Gli apostoli hanno fatto una simile esperienza. Finché vivevano con Gesù credevano di essere immortali. Lui faceva miracoli, poteva risolvere tutti i problemi, aveva sempre tutte le risposte giuste. Si credevano forti perché erano con uno forte. Sono dovuti passare attraverso l'esperienza della delusione, della sconfitta, del tradimento, per riscoprire che loro non sono perfetti. Hanno quindi scoperto di aver bisogno di Gesù. Ora sono pronti a riconoscere in Gesù non solo l’uomo, ma il Dio e quindi a cogliere la resurrezione e accettare che lui è sempre presente, anche se in maniera diversa. Ora possono riconciliare la loro impotenza con la presenza dell'Onnipotente.
Noi abbiamo un grande desiderio di perfezione, vogliamo raggiungerla e ci sforziamo a farlo, ma più tentiamo, più essa sembra lontana perché lavoriamo da soli, con le nostro povere forze. Allora con la nostra immaginazione descriviamo Dio come Colui che può fare tutto ciò che vuole, che risolve tutti i nostri problemi. Ma il Dio di Gesù Cristo è ben diverso; è un Dio che accetta di essere arrestato, schernito, colpito, messo a morte.

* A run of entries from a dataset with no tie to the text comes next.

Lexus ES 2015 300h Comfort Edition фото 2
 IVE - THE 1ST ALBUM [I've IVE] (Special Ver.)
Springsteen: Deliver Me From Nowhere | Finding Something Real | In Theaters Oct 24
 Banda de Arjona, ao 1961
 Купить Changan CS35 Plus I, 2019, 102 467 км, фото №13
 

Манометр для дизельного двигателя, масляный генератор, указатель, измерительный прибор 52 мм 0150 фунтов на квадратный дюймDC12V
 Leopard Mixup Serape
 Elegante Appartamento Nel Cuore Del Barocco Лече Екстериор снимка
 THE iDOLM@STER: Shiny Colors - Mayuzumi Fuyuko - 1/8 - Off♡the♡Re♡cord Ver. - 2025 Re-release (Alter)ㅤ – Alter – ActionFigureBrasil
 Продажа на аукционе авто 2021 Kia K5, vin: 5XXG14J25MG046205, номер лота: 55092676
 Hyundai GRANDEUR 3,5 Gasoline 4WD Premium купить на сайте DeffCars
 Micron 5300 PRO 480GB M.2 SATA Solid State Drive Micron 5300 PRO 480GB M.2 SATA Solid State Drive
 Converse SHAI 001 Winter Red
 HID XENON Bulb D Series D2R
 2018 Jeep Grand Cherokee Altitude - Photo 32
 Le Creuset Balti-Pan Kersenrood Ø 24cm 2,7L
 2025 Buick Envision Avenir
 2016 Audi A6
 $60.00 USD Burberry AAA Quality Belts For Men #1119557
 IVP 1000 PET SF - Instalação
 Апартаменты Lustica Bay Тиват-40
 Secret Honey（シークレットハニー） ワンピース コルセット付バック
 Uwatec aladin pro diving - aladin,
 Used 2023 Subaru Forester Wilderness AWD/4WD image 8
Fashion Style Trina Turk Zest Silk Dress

Dobbiamo fare questa esperienza del Dio che muore, per comprendere il Dio che risorge, per poter comprendere quanto grande sia l’amore del Dio Padre che ci ha dato suo Figlio, pur sapendo che l'avremmo messo a morte.
Dobbiamo fare l'esperienza che Gesù vuole rimanere con noi nonostante la nostra debolezza, e ci dà lo Spirito perché ci accompagni in ogni momento e dia senso a questi nostri momenti bui.
È bello vedere che per continuare la sua missione, Gesù sceglie gente debole e paurosa; dà fiducia a coloro che sono ancora macchiati dalla vergogna di averlo tradito. Essi non sono chiamati a predicare la strepitosa forza di Dio, ma il suo amore, un amore che essi hanno compreso in modo pieno proprio mentre si trovavano nell’errore, nella paura. Inoltre, nel vangelo di Matteo, Gesù non appare agli apostoli a Gerusalemme, ma invia loro un messaggio attraverso le donne dicendo che tornino in Galilea. La Galilea è il loro luogo di origine, lontano dalla città santa e dal tempio, abitato da gente comune, magari un po’ sospetta come lo sono sempre quelli lontani dal centro.
Lì essi devono salire “sul monte”, non ci viene detto quale, ma devono innalzarsi sopra la quotidianità senza staccarsi da essa, per ricercare quel qualcuno che ha cambiato la loro vita. Sono ancora pieni di contraddizioni, si inginocchiano per adorarlo ma dubitano di Lui. Gesù non fa nessun accenno alla loro debolezza, si limita a dare loro il mandato come fossero le persone più esperte e perfette. Noi spendiamo troppo tempo della nostra vita a leccare le ferite dei nostri sbagli, a filosofare sui nostri errori e come evitarli, e ci dimentichiamo che siamo chiamati da Dio e abbiamo una missione da compiere: annunciare il suo amore.
Dobbiamo passare dall'esperienza della sconfitta per comprendere la bellezza della vittoria. La perfezione che noi abbiamo attribuito a Dio non è la perfezione di chi vince sempre, ma è la perfezione di chi sa trasformare tutto, anche le sconfitte, in vittoria. Dobbiamo imparare che per Dio, vincere non è reprimere o annientare i nemici, ma amare e promuovere tutto e tutti. L'amore si manifesta più nella sofferenza che nelle conquiste materiali.
Oggi celebriamo la Trinità; cosa celebriamo? Chi celebriamo? O meglio: Che cosa sperimentiamo dentro di noi?
Ecco, la domanda giusta non è “chi è Dio?”, ma “chi siamo noi?”.